PHP library for parsing plain text email content.
PHP
Clone or download
Latest commit 8308e02 Feb 7, 2018

README.md

EmailReplyParser

Build Status Total Downloads Latest Stable Version PHP7 ready

EmailReplyParser is a PHP library for parsing plain text email content, based on GitHub's email_reply_parser library written in Ruby.

Installation

The recommended way to install EmailReplyParser is through Composer:

composer require willdurand/email-reply-parser

Usage

Instantiate an EmailParser object and parse your email:

<?php

use EmailReplyParser\Parser\EmailParser;

$email = (new EmailParser())->parse($emailContent);

You get an Email object that contains a set of Fragment objects. The Email class exposes two methods:

  • getFragments(): returns all fragments;
  • getVisibleText(): returns a string which represents the content considered as "visible".

The Fragment represents a part of the full email content, and has the following API:

<?php

$fragment = current($email->getFragments());

$fragment->getContent();

$fragment->isSignature();

$fragment->isQuoted();

$fragment->isHidden();

$fragment->isEmpty();

Alternatively, you can rely on the EmailReplyParser to either parse an email or get its visible content in a single line of code:

$email = \EmailReplyParser\EmailReplyParser::read($emailContent);

$visibleText = \EmailReplyParser\EmailReplyParser::parseReply($emailContent);

Known Issues

Quoted Headers

Quoted headers aren't picked up if there's an extra line break:

On <date>, <author> wrote:

> blah

Also, they're not picked up if the email client breaks it up into multiple lines. GMail breaks up any lines over 80 characters for you.

On <date>, <author>
wrote:
> blah

The above On ....wrote: can be cleaned up with the following regex:

$fragment_without_date_author = preg_replace(
    '/\nOn(.*?)wrote:(.*?)$/si',
    '',
    $fragment->getContent()
);

Note though that we're search for "on" and "wrote". Therefore, it won't work with other languages.

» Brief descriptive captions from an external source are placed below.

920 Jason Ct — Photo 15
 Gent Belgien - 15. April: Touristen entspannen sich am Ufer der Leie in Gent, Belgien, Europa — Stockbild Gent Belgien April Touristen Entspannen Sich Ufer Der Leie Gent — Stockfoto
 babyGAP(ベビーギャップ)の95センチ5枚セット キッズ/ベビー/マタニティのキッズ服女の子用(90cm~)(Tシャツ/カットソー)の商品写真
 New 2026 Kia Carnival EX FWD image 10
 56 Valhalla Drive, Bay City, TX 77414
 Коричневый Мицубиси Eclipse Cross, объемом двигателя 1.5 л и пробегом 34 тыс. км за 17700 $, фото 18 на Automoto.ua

Possible solution: Remove "reply@reply.github.com" lines...

Weird Signatures

Lines starting with - or _ sometimes mark the beginning of signatures:

Hello

--
Rick

Not everyone follows this convention:

Hello

Mr Rick Olson
Galactic President Superstar Mc Awesomeville
GitHub

**********************DISCLAIMER***********************************
* Note: blah blah blah                                            *
**********************DISCLAIMER***********************************

Strange Quoting

Apparently, prefixing lines with > isn't universal either:

Hello

--
Rick

________________________________________
From: Bob [reply@reply.github.com]
Sent: Monday, March 14, 2011 6:16 PM
To: Rick

Unit Tests

Setup the test suite using Composer:

$ composer install

Run it using PHPUnit:

$ phpunit

Contributing

See CONTRIBUTING file.

Credits

License

EmailReplyParser is released under the MIT License. See the bundled LICENSE file for details.